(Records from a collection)
[Start of Attachment]

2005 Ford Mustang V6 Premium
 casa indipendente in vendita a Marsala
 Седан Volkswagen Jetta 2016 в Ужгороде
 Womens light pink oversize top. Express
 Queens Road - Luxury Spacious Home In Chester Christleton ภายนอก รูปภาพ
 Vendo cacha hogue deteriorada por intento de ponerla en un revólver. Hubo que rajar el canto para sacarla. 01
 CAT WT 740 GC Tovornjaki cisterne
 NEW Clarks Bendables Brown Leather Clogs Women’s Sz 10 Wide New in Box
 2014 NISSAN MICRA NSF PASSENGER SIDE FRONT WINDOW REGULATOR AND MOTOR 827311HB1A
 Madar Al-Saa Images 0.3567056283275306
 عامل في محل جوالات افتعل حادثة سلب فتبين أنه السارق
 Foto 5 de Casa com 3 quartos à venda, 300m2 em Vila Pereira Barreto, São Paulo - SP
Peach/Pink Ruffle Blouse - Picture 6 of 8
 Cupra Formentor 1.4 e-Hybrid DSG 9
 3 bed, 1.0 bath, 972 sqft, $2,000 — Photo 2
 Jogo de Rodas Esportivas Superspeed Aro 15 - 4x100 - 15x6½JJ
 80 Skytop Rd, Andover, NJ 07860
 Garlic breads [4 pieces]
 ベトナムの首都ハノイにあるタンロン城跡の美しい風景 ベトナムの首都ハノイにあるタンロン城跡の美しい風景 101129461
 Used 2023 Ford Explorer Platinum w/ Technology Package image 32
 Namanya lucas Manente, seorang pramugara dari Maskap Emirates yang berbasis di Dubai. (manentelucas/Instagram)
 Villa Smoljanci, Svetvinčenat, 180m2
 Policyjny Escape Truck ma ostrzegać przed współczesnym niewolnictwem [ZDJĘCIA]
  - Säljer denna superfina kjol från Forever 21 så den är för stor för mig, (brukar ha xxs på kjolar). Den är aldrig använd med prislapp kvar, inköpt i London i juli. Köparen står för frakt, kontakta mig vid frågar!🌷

[End of Attachment]

TASK PROMPT → Word for word, write out all of the data above.

REPLY TO THE EXERCISE →
2005 Ford Mustang V6 Premium
 casa indipendente in vendita a Marsala
 Седан Volkswagen Jetta 2016 в Ужгороде
 Womens light pink oversize top. Express
 Queens Road - Luxury Spacious Home In Chester Christleton ภายนอก รูปภาพ
 Vendo cacha hogue deteriorada por intento de ponerla en un revólver. Hubo que rajar el canto para sacarla. 01
 CAT WT 740 GC Tovornjaki cisterne
 NEW Clarks Bendables Brown Leather Clogs Women’s Sz 10 Wide New in Box
 2014 NISSAN MICRA NSF PASSENGER SIDE FRONT WINDOW REGULATOR AND MOTOR 827311HB1A
 Madar Al-Saa Images 0.3567056283275306
 عامل في محل جوالات افتعل حادثة سلب فتبين أنه السارق
 Foto 5 de Casa com 3 quartos à venda, 300m2 em Vila Pereira Barreto, São Paulo - SP
Peach/Pink Ruffle Blouse - Picture 6 of 8
 Cupra Formentor 1.4 e-Hybrid DSG 9
 3 bed, 1.0 bath, 972 sqft, $2,000 — Photo 2
 Jogo de Rodas Esportivas Superspeed Aro 15 - 4x100 - 15x6½JJ
 80 Skytop Rd, Andover, NJ 07860
 Garlic breads [4 pieces]
 ベトナムの首都ハノイにあるタンロン城跡の美しい風景 ベトナムの首都ハノイにあるタンロン城跡の美しい風景 101129461
 Used 2023 Ford Explorer Platinum w/ Technology Package image 32
 Namanya lucas Manente, seorang pramugara dari Maskap Emirates yang berbasis di Dubai. (manentelucas/Instagram)
 Villa Smoljanci, Svetvinčenat, 180m2
 Policyjny Escape Truck ma ostrzegać przed współczesnym niewolnictwem [ZDJĘCIA]
  - Säljer denna superfina kjol från Forever 21 så den är för stor för mig, (brukar ha xxs på kjolar). Den är aldrig använd med prislapp kvar, inköpt i London i juli. Köparen står för frakt, kontakta mig vid frågar!🌷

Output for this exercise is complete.